University of Santo Tomas (UST) Faculty of Engineering mentor Engr. Anthony James Bautista, Ph.D., is now developing an improved hospital assistance robot with bacterial and viral disinfection functionalities in addition to its telepresence features.

The first version of the Logistic Indoor Service Assistant (LISA) robot first garnered attention in April 2020 for aiding frontliners with physically distanced communication between a COVID-19 patient and the medical staff. Equipped with a smart tablet mounted on a mobile base that can be controlled remotely from five to ten meters away, LISA enables communication via internet-based platforms such as Skype, Viber or Facetime. It also has a compartment box that allows delivery of medicines to conscious and stable patients.
Now in the process of creating its third version, the LISA robot is developed through funding by the Department of Science and Technology – Philippine Council for Industry, Energy and Emerging Technology Research and Development (DOST-PCIEERD) in partnership with Thomasian cardiologist Dr. Rodrigo C. Santos of the Pasig Doctors Medical Center.

The Logistic Indoor Service Assistant (LISA) with independently driven Mecanum wheels and adjustable holder

“Last March 2020, DOST-PCIEERD announced a call for proposals for immediate response to COVID19 pandemic, and I submitted a proposal titled LISA robot: Logistic Indoor Service Assistant Telepresence Robot,” shared Bautista, adding that in May, they were granted funds to develop the LISA robots for public hospitals in the Philippines.

“Using the funding we received from the DOST-PCIEERD, we will design the new model to be multi-functional, meaning the robot will not only be a remote controlled telepresence robot, but can also be used to disinfect bacteria/viruses in a room. With this plan, we will do our best to make the LISA robot affordable,” said Bautista.

DOST-PCIEERD approved a three-year project for improved LISA robots that will begin in 2021. According to Bautista, “With the funding [from PCIEERD], we may be able to develop a fully autonomous LISA robot. The LISA robots that are being deployed now are at Level 1 automation, or remote – controlled robots. Next year, we will include Level 2 automation that will allow the robot to be controlled anywhere in the world as long as there is a Wi-Fi connection, and then Level 3 automation which will allow the robot to create a map of the hospital and navigate to different locations autonomously using a Light Detection and Ranging [LIDAR] sensor.”
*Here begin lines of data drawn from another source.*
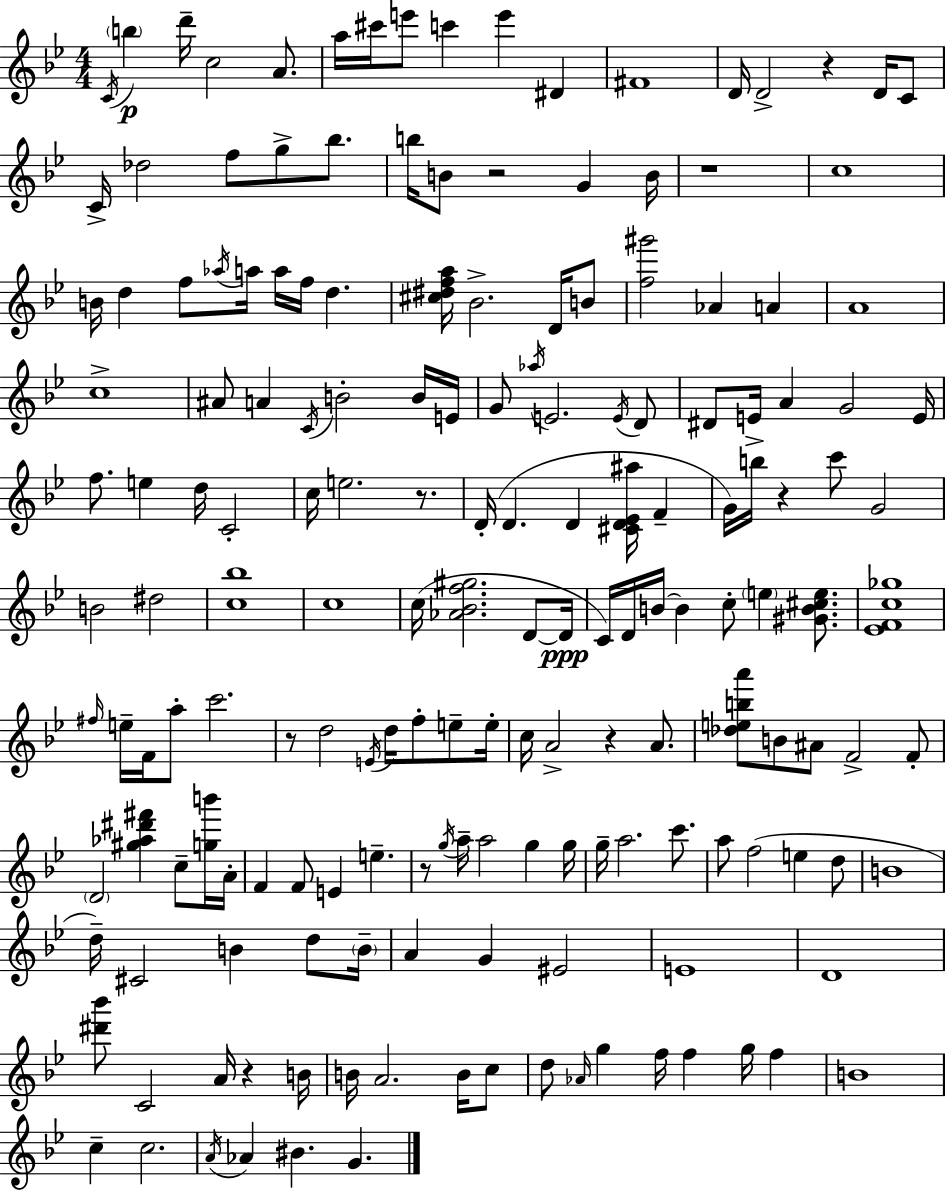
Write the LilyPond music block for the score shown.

{
  \clef treble
  \numericTimeSignature
  \time 4/4
  \key g \minor
  \acciaccatura { c'16 }\p \parenthesize b''4 d'''16-- c''2 a'8. | a''16 cis'''16 e'''8 c'''4 e'''4 dis'4 | fis'1 | d'16 d'2-> r4 d'16 c'8 | \break c'16-> des''2 f''8 g''8-> bes''8. | b''16 b'8 r2 g'4 | b'16 r1 | c''1 | \break b'16 d''4 f''8 \acciaccatura { aes''16 } a''16 a''16 f''16 d''4. | <cis'' dis'' f'' a''>16 bes'2.-> d'16 | b'8 <f'' gis'''>2 aes'4 a'4 | a'1 | \break c''1-> | ais'8 a'4 \acciaccatura { c'16 } b'2-. | b'16 e'16 g'8 \acciaccatura { aes''16 } e'2. | \acciaccatura { e'16 } d'8 dis'8 e'16-> a'4 g'2 | \break e'16 f''8. e''4 d''16 c'2-. | c''16 e''2. | r8. d'16-.( d'4. d'4 | <cis' d' ees' ais''>16 f'4-- g'16) b''16 r4 c'''8 g'2 | \break b'2 dis''2 | <c'' bes''>1 | c''1 | c''16( <aes' bes' f'' gis''>2. | \break d'8~~ d'16\ppp c'16) d'16 b'16~~ b'4 c''8-. \parenthesize e''4 | <gis' b' cis'' e''>8. <ees' f' c'' ges''>1 | \grace { fis''16 } e''16-- f'16 a''8-. c'''2. | r8 d''2 | \break \acciaccatura { e'16 } d''16 f''8-. e''8-- e''16-. c''16 a'2-> | r4 a'8. <des'' e'' b'' a'''>8 b'8 ais'8 f'2-> | f'8-. \parenthesize d'2 <gis'' aes'' dis''' fis'''>4 | c''8-- <g'' b'''>16 a'16-. f'4 f'8 e'4 | \break e''4.-- r8 \acciaccatura { g''16 } a''16-- a''2 | g''4 g''16 g''16-- a''2. | c'''8. a''8 f''2( | e''4 d''8 b'1 | \break d''16--) cis'2 | b'4 d''8 \parenthesize b'16-- a'4 g'4 | eis'2 e'1 | d'1 | \break <dis''' bes'''>8 c'2 | a'16 r4 b'16 b'16 a'2. | b'16 c''8 d''8 \grace { aes'16 } g''4 f''16 | f''4 g''16 f''4 b'1 | \break c''4-- c''2. | \acciaccatura { a'16 } aes'4 bis'4. | g'4. \bar "|."
}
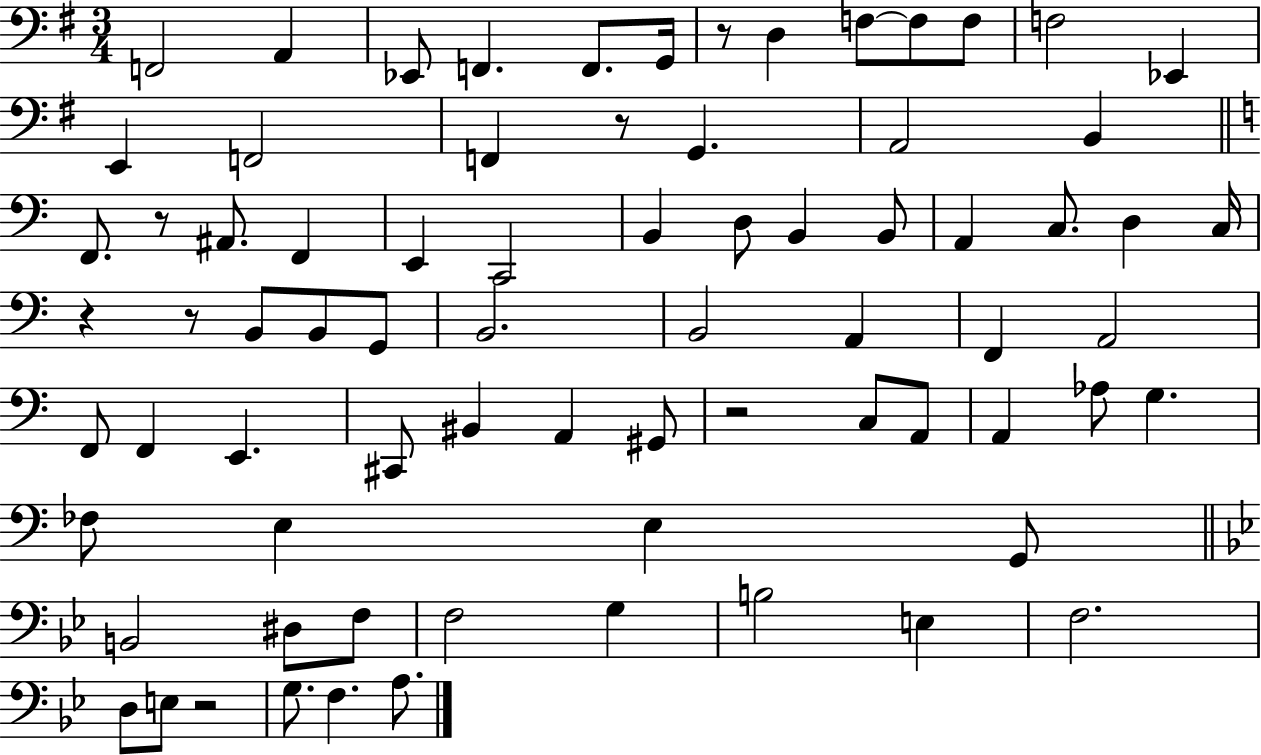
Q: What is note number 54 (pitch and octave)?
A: E3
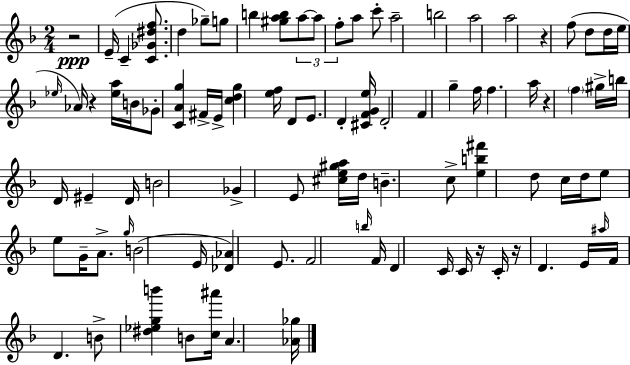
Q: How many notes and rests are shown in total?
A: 91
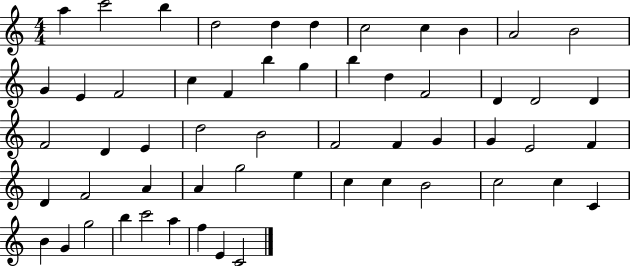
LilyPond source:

{
  \clef treble
  \numericTimeSignature
  \time 4/4
  \key c \major
  a''4 c'''2 b''4 | d''2 d''4 d''4 | c''2 c''4 b'4 | a'2 b'2 | \break g'4 e'4 f'2 | c''4 f'4 b''4 g''4 | b''4 d''4 f'2 | d'4 d'2 d'4 | \break f'2 d'4 e'4 | d''2 b'2 | f'2 f'4 g'4 | g'4 e'2 f'4 | \break d'4 f'2 a'4 | a'4 g''2 e''4 | c''4 c''4 b'2 | c''2 c''4 c'4 | \break b'4 g'4 g''2 | b''4 c'''2 a''4 | f''4 e'4 c'2 | \bar "|."
}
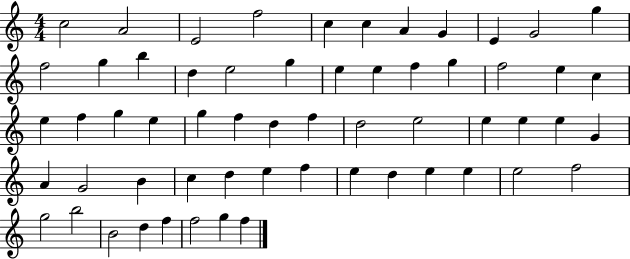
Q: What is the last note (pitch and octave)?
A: F5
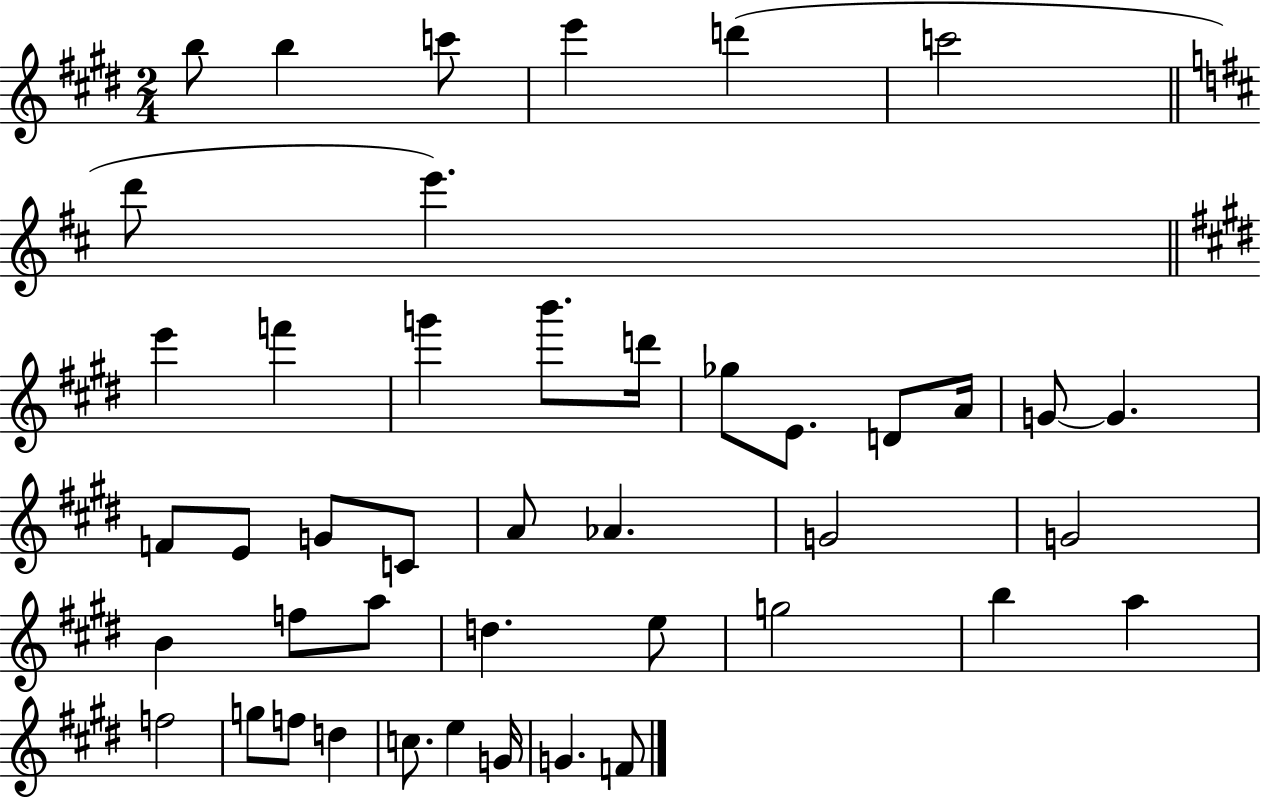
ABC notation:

X:1
T:Untitled
M:2/4
L:1/4
K:E
b/2 b c'/2 e' d' c'2 d'/2 e' e' f' g' b'/2 d'/4 _g/2 E/2 D/2 A/4 G/2 G F/2 E/2 G/2 C/2 A/2 _A G2 G2 B f/2 a/2 d e/2 g2 b a f2 g/2 f/2 d c/2 e G/4 G F/2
Bautista thanked the UST Faculty of Engineering, especially the Mechanical Engineering Department, for being supportive of his work through providing the facilities to build and test the robot and offering feedback to improve the functionality of the robot.

The University of Santo Tomas Hospital (USTH) and Pasig Doctors Medical Center were the first batch to receive the first version of LISA robots on April 6, 2020, while the second version of LISA robots were deployed on June 20, 2020 to The Premier Medical Center, Binangonan Lake View Medical Center, Pasig Doctors Medical Center and the Marikina Valley Medical Center.

“The next version will be deployed hopefully in the last week of August 2020,” said Bautista.
Having been used in medical practice by doctors and nurses in the aforementioned hospitals, the LISA robot was then improved according to their feedback. Bautista explained, “To name a few [improvements], we modified the base by using four independently driven wheels. The wheels used were Mecanum type, which is a special wheel that will allow the robot to turn efficiently in a single spot. We also improved the wiring connections by making it neatly enclosed in a casing. We also made the tablet adjustable into a different height and made the holder flexible to allow adjustments.”

Despite the increased demand and practical use of his invention, Bautista was firm in his commitment to ensure open – access to LISA without copyright exclusivity.

“I will be very much willing to share the technology,” he emphasized, saying that “My personal objective for the first versions of LISA robots with Level 1 automation is that it can be accessed by anyone, copied, or improved, because of the COVID-19 pandemic that our country is facing right now.”

“I am very thankful to our University for their full support in this project. I hope that the LISA robot will serve as an alternative tool that our medical front liners can utilize for their fight against COVID19 pandemic and will serve as a message that we at the University of Santo Tomas are behind them in solving this problem,” said Bautista.